Оригинал взят у
rudashev в
Забытое Беловодье Старообрядцев в России считали сектантами.
Всякая власть, царская или советская, теснила их, а порой истребляла. Это
грустно, но объяснимо: староверы не признавали государственную систему, не
платили податей, а паспорт считали делом антихриста. Несмотря ни на что, они
выжили, но в новое время к ним пришел иной враг, против которого им уже,
кажется, не выстоять.
Валентин
Распутин писал о раскольниках: «Вот вам черта характера: упрямство до
гибельности, вера до окаменения, воля до рабства - в угоду воле».
Не зная царя,
старообрядцы не хотели от него ни вмешательства, ни помощи. Они искали глушь и
свободу, надеясь укрыться от церквей и администраций. Так, мечтая отыскать
Беловодье, они в первом десятилетии XX века начали переселение в Туву.

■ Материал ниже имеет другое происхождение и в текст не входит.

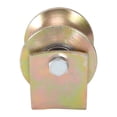 thumbnail image 4 of U-Shaped 80mm Sliding Gate Roller - Steel Pulley U-Type Wheel for Replacement in Sliding Door Accessories, 4 of 8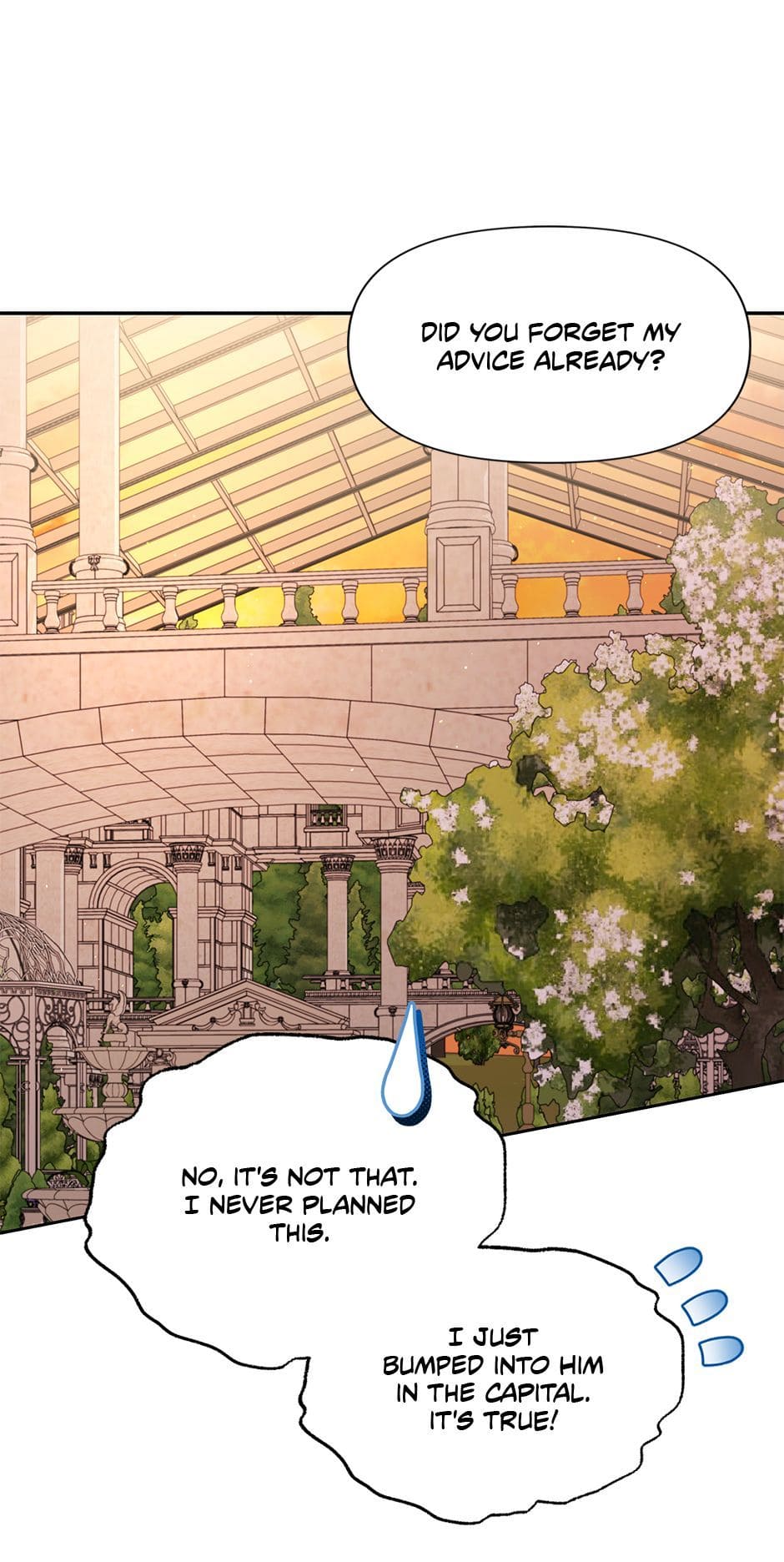 I Raised My Childhood Friend as a Tyrant Chapter 80 - Page 63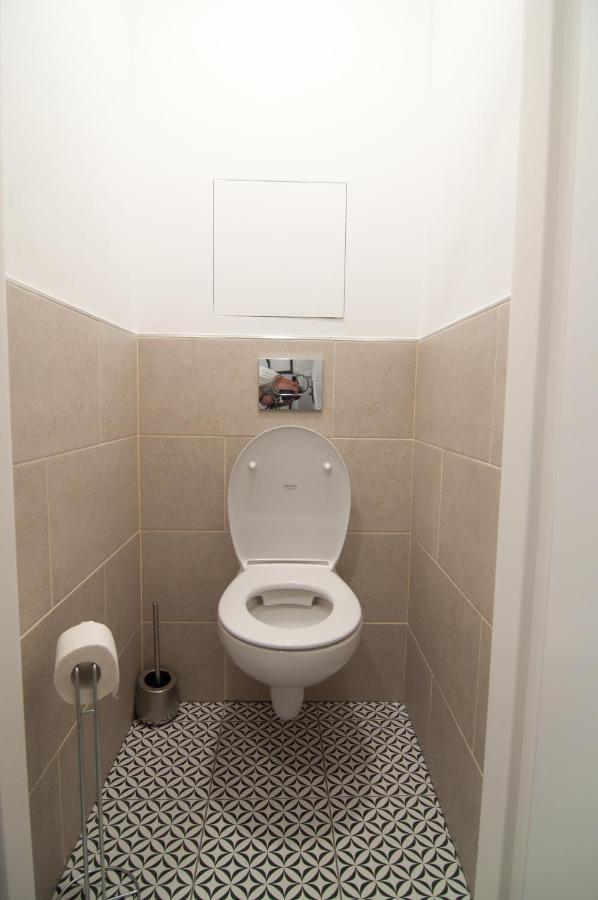 Apartman Na Kamenci Teplice nad Metují 外观 照片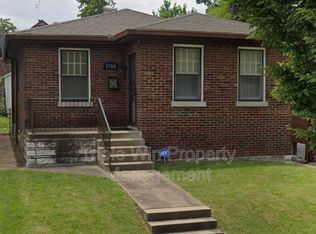 3704 Taft Ave, Saint Louis, MO 63116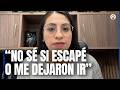 Nancy Nápoles, la alcaldesa de Tenancingo acusada de autosecuestrarse, rompe el silencio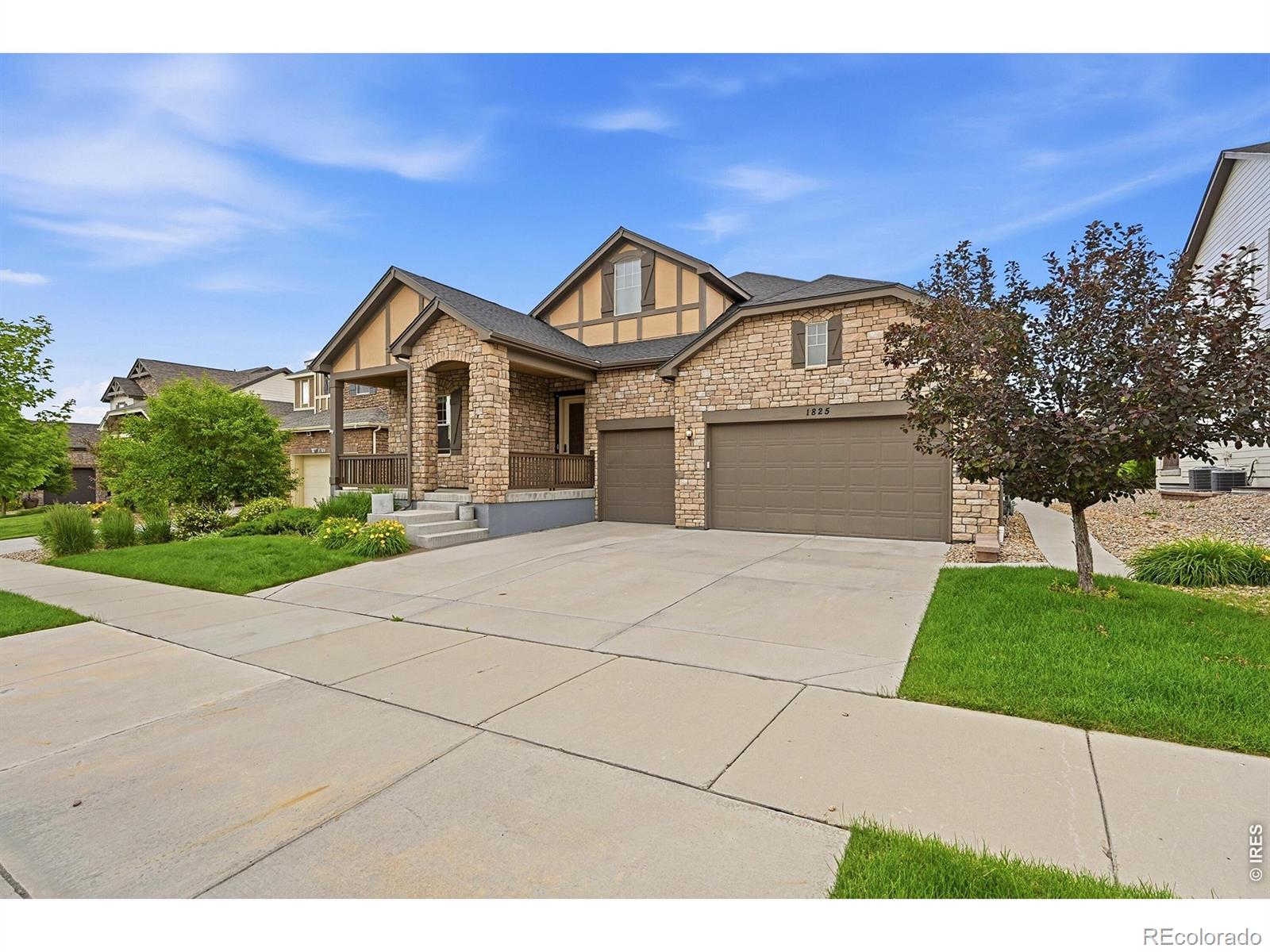 1825 Burke Drive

Беловодье - это раскольническая Шамбала, где дух и тело угнетенных крестьян
обретают покой; там нет власти, и каждый может заниматься своим трудом -
просторных угодий хватит на всех. Предания говорят о том, что Беловодье было
найдено именно русским людом, а потому иных народов там нет.
Позже, в
революционные годы, тувинские староверы поднялись выше по Малому Енисею
(Хуа-Хему), надеясь, что на неприглядной таежной земле, где не было места даже
для хлебопашен, они укроются от войн и колхозов. Укрыться, однако, не удалось.
Советская власть казнила раскольников. Женщин насиловали. Стариков зашивали в
мешки и сбрасывали с гор; сыновей принуждали душить своих родителей. Земли,
лежащие под Кызылом и некогда устроенные под бахчи, были опустошены - там и
сейчас ничего, кроме лопухов и осоки не растет. Однако всех убить не смогли. И
по сей день на Хуа-Хеме стоят малые поселения староверов.
Мне довелось в
них побывать. Первое и, пожалуй, главное отличие раскольнической деревни от
иной, русской, в том, что люди там непьющие. Это известно из их суждений и
видно по их свежим, пусть заросшим бородой, лицам. Сельчане оказались
приветливыми, но при том негостеприимными: они улыбались, соглашались говорить,
указывали путь, но в дом не пускали, считая меня чужаком - человеком, живущим
по законам дьявольским. Раскольники уверены, что бесы пробираются в них, прежде
всего, через посуду, а потому чашку всегда держат закрытой, да и никогда не
позволят иноверцу пить из нее.
В Ужепе и
Эржее, едва я присаживался для отдыха и наблюдений, ко мне выходили старики или
дети - выносили угощение: яйца, молоко, помидоры и даже арбузы, правда столь
малых размеров, что становилось очевидно - арбуз и в самом деле ягода.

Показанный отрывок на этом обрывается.